In fact, the show's first “season” consisted of only five episodes that were stretched over a period just shy of one year -- from the premiere of the first one in July 1989 to June 1990.
These are the episodes you encounter from time to time at the very beginning of the show's syndication cycle. It was the very beginning of “Seinfeld,” and the characters, and indeed the show’s style generally, were not yet defined.
Season Two, such as it was, consisted of just 12 episodes running from January to June 1991.
Various sources credit one-time NBC executive Rick Ludwin with being the principal champion behind the development and subsequent survival of this sitcom that emerged from those first two short and very uncertain seasons to become one of the top two or three most storied shows in all of television history.

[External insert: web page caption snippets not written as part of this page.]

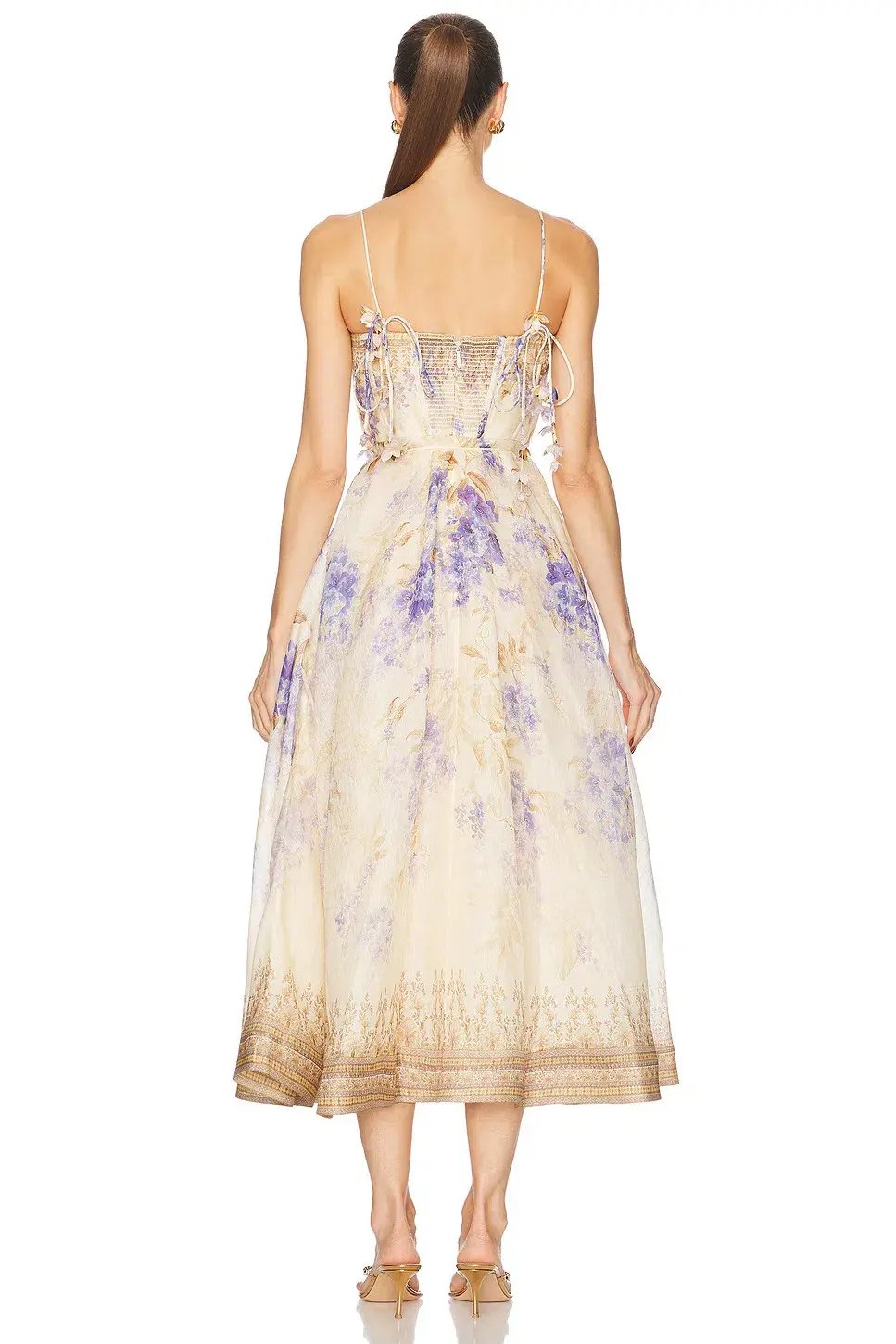 Zimmermann Dawning Picnic Midi Dress Lilac Floral Size 2 / AU 12 photo 3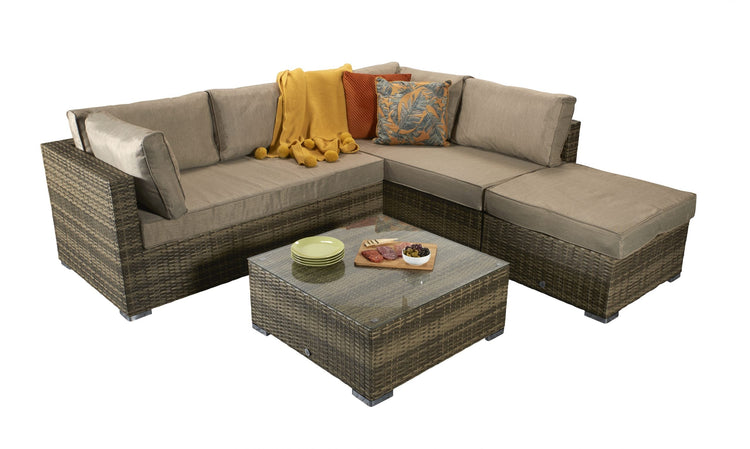 Signature Weave - Savannah Rattan Corner Sofa Set in 8mm Brown Weave | Sava0094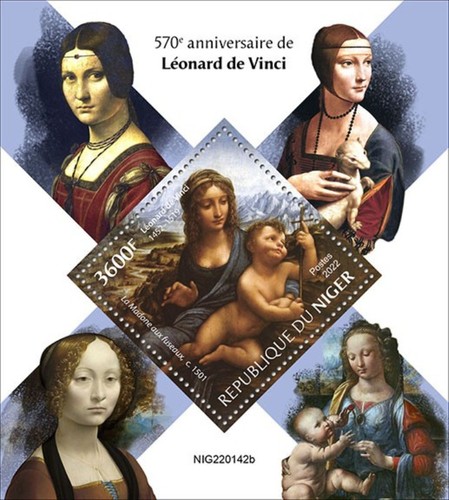 Niger - 2022 Italian Artist Leonardo da Vinci - Stamp Souvenir Sheet NIG220142b - Imagen 1 de 1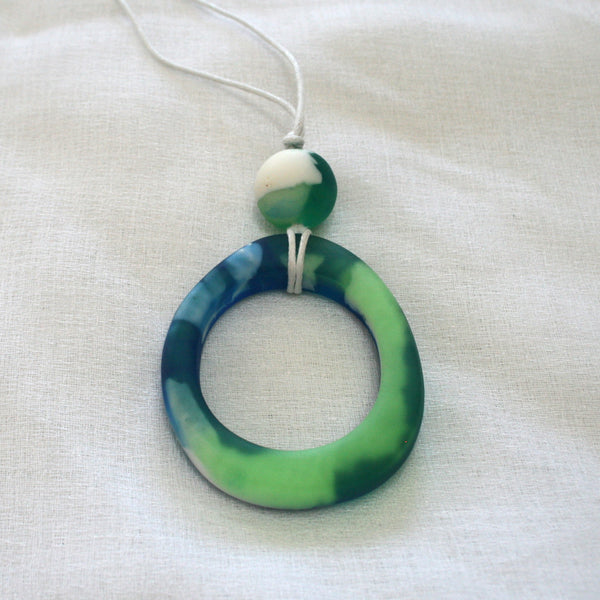 Blue Green Resin Pendant - Oval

One question about “Seinfeld” that still persists 30 years after it was born is this: What explains the show’s continuing popularity (as reflected in the fact that it is still a staple of syndication and streaming here in 2019)?
Like many another popular TV show, “Seinfeld” is looking more and more dated as the years go by, from the fashions to the social customs. Perhaps more to the point, the culture of computers, cell phones and social media is absent in the day-to-day lives of these characters from the 1990s.
Today, 21 years after “Seinfeld” had its finale in May 1998, these three icons of our modern world are firmly entrenched. They are technologies almost everyone encounters and uses every single day for, among other reasons, watching (and commenting on) TV shows.
“Friends” -- a contemporary of “Seinfeld” from the same era on NBC -- also remains popular today. It is said to even be gaining in popularity among a generation of younger Americans who were not even born when the show's episodes first aired on NBC (1994-2004).
That show also can be seen as a relic from the pre-social media age. And there are those who argue that “Friends” is even more timeless than “Seinfeld,” and easier to take today, because of the warmth that exists between the six main characters.
As most people familiar with “Seinfeld” know well, the writers of “Seinfeld” purposely avoided the kinds of warm relationships that were typical of network sitcoms at the time in order to take their show in different directions than what was typical at the time.
Perhaps both shows continue to be popular at least in part because they do not feature their characters constantly yakking into, or staring at, smartphones. Instead, the characters are seen relating to each other personally.
Indeed, a number of the mix-ups on “Seinfeld,” in which the four friends missed appointments to get together with each other, would not even be possible today in the era of constant cell phone communications. Simpler times? Maybe.
In the final analysis, one measure of cultural impact -- especially where a TV show is concerned -- is the money it made. It has been estimated that “Seinfeld” has made more than $4 billion in syndication.
That's a lot of something, for a show about nothing.